In 2018, Davenport started 15 games, 13 at left tackle and two at right tackle.

===Miami Dolphins===
On August 31, 2019, Davenport, Johnson Bademosi, 2020 and 2021 first round picks, and a 2021 second-round pick were traded to the Miami Dolphins in exchange for Laremy Tunsil, his teammate Kenny Stills, a 2020 fourth-round pick and 2021 sixth round pick. On September 12, 2019, Davenport suffered a hyperextended knee and a cracked fibula during practice and was placed on injured reserve the following day. He was designated for return from injured reserve on October 31, 2019, and began practicing with the team again. He was activated off injured reserve on November 16, 2019.

===Indianapolis Colts===
On March 29, 2021, Davenport signed with the Indianapolis Colts.

===Chicago Bears===
On April 25, 2022, Davenport signed with the Chicago Bears. He was released on August 23, 2022.

===Arizona Cardinals===
On November 16, 2022, Davenport was signed to the practice squad of the Arizona Cardinals. He signed a reserve/future contract on January 11, 2023. He was released on June 14.

===New York Giants===
On August 15, 2023, Davenport signed with the New York Giants following a workout. He was released on August 27.

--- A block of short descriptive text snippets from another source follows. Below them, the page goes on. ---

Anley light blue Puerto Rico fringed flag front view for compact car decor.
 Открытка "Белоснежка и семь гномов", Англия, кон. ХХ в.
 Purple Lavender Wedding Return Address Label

=== San Antonio Brahmas ===
On April 17, 2024, Davenport signed with the San Antonio Brahmas of the United Football League (UFL). He was released on July 23.

===Atlanta Falcons===
On July 23, 2024, Davenport signed with the Atlanta Falcons. He was released on August 27, and re-signed to the practice squad. He was released on September 3.